入力embeddingの情報の減衰を防ぐ
LSTMの内部次元数を増やす
ネットワークを多層化する
出力MLP層を追加する
このうち、最後のLSTMの内部次元数を増やすには、モデルの構成を少し変更する必要があります。
具体的には、LSTMの出力に残差接続を繋げている部分の次元が合わなくなるため、接続の仕方を変える必要があります。そして、その上で、次元数を変換するための線形変換をLSTMの入力と出力に適用します。
入力の情報の減衰を防ぐ
残差接続の部分の変更を検討する前に、入力embeddingの情報の減衰を防ぐ方法について検討しました。これは、残差接続の部分の変更と変更箇所が重なるためです。

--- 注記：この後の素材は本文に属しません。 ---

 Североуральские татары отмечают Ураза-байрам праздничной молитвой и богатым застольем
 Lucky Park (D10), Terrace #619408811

(1)は、LSTMの出力に再度、入力embeddingを加算して情報減衰を防ぐ方法です。メリットは、パラメータサイズに変更がない点です。
(2)は、入力embeddingをコンテキストではなく、LSTMの入力の一部として与える方法です。この場合は、LSTMの入力次元が2倍になるため、パラメータサイズが増加するというデメリットがあります。

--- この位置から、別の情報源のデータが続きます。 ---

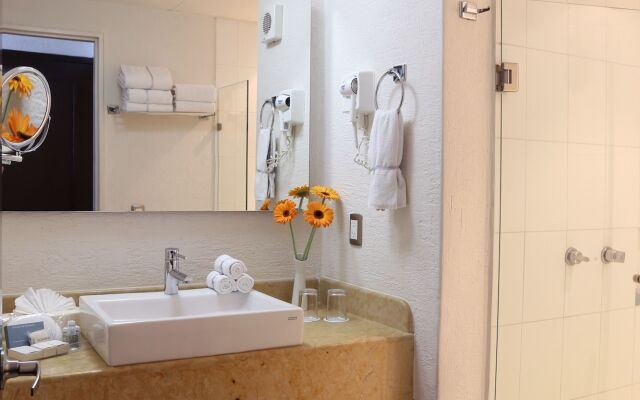 Mesón Ejecutivo Guadalajara Minerva - Av México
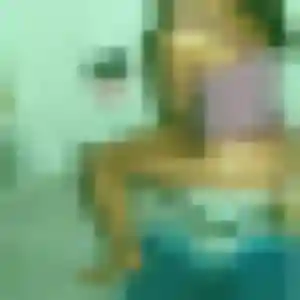 Yemisi, femme de 25 ans propose plan cul à Le Douhet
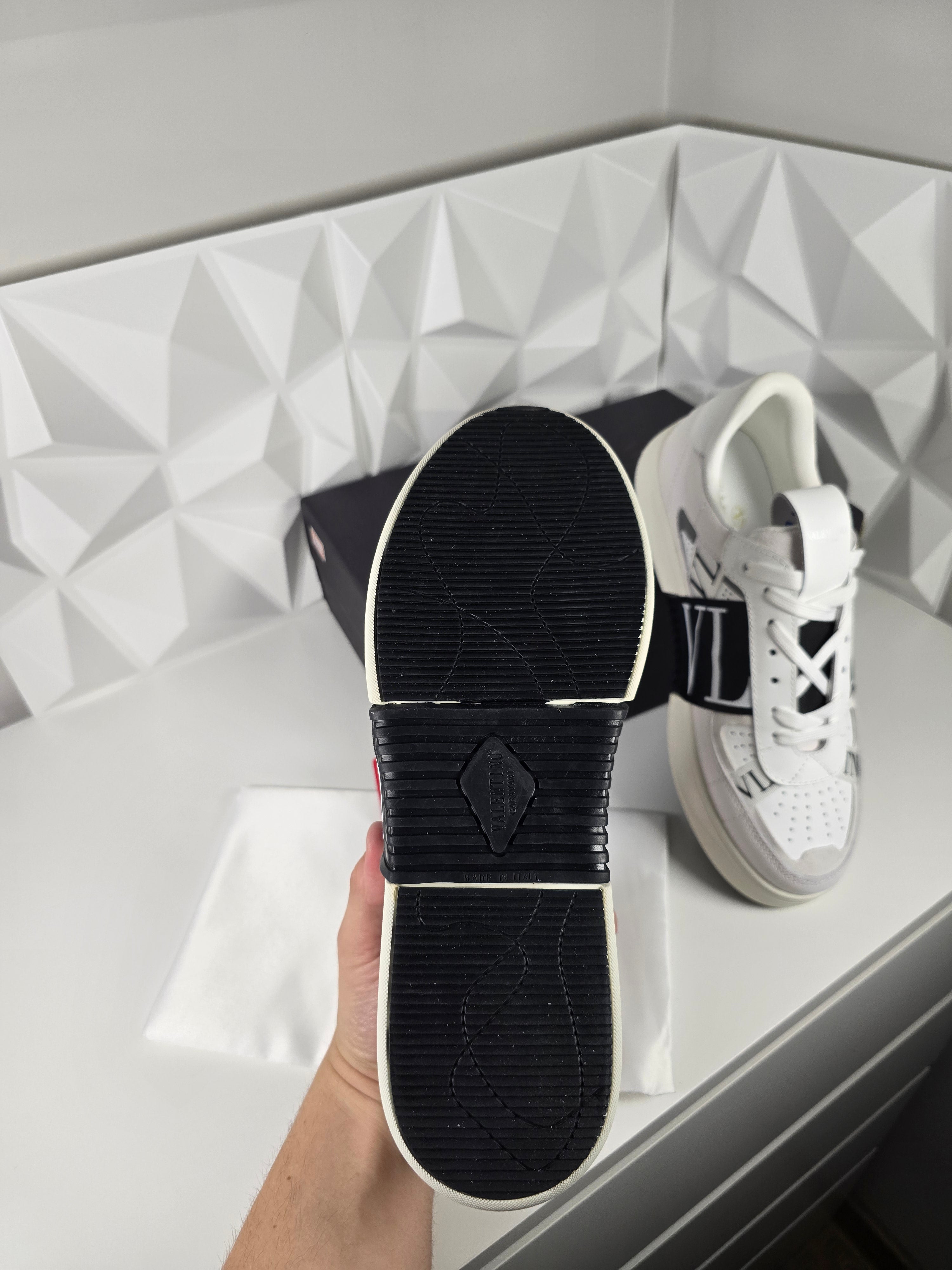 Valentino Garavani Low Top Leather Sneakers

本記事では、(1)を分析することとして、パターンのバリエーションとして、次の設定を検討しました。
残差を接続しない
残差を出力にのみ接続し、再帰入力には接続しない
残差を出力と再帰入力の両方に接続する
生成画像
生成画像は上から次の順に並んでいます。
Deprojectorなし
入力を加算せず、残差を出力と再帰入力に含む
入力を加算し、残差を接続しない
入力を加算し、残差を出力のみに含む
入力を加算し、残差を出力と再帰入力に含む
使用したプロンプトはこれまでと同様、次の通りです。
単一embedding
cat maid (猫耳メイド)
1girl red hair blue eye black skirt(赤髪 青目 黒スカート)
1boy 1girl in class room(少年 少女 教室)
複数embeddingの合成
cat, maid (猫 メイド)
1girl, red hair, blue eye, black skirt (赤髪 青目 黒スカート)

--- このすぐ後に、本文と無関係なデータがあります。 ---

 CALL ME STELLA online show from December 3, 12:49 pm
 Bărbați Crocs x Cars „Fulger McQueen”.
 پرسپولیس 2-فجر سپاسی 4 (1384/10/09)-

1boy, 1girl, in class room (少年 少女 教室)


以上の実験から、「4. 入力を加算し、残差を出力のみに含む」の結果が最もノイズを低減していると見られます。
次元数変換のための線形変換
次に、LSTMの内部次元数を増やす際の残差接続部分の変更として、次の2種類を検討しました。

(1)は、残差接続を出力線形変換後に繋げ、その後に追加の変換は適用しません。バリエーションとして、残差接続を直接繋げず、1回線形変換を挟んで接続する方法も検討します。
(2)は、LSTMの出力に線形変換を適用して次元数を合わせてから残差接続を繋げ、さらに最後に出力線形変換を適用します。
どちらのバージョンも、入力embeddingをLSTMのコンテキストに繋ぐ際に、線形変換を適用して次元数を調整します。ただし、本記事の実験では、LSTMの内部次元数は入力次元数と同じものを使用し、アーキテクチャの変化のみの影響を確認します。
生成画像
生成画像は上から次の順に並んでいます。
Deprojectorなし
線形次元変換を適用しない。残差を出力のみに含む
線形次元変換を適用。線形変換なしで残差接続
線形次元変換を適用。線形変換後に残差接続
線形次元変換を適用。残差接続後に線形変換


次元数変換のための線形変換を適用すると、生成画像のノイズが増えました。3つの残差接続のバリエーションには大きな差は見られませんでした。
まとめ
入力embeddingの情報減衰を防ぐために、LSTMのコンテキストにステップごとに加算する方法を試し、改善が見られました。
次元変換のための線形変換は、生成画像のノイズを増やしました。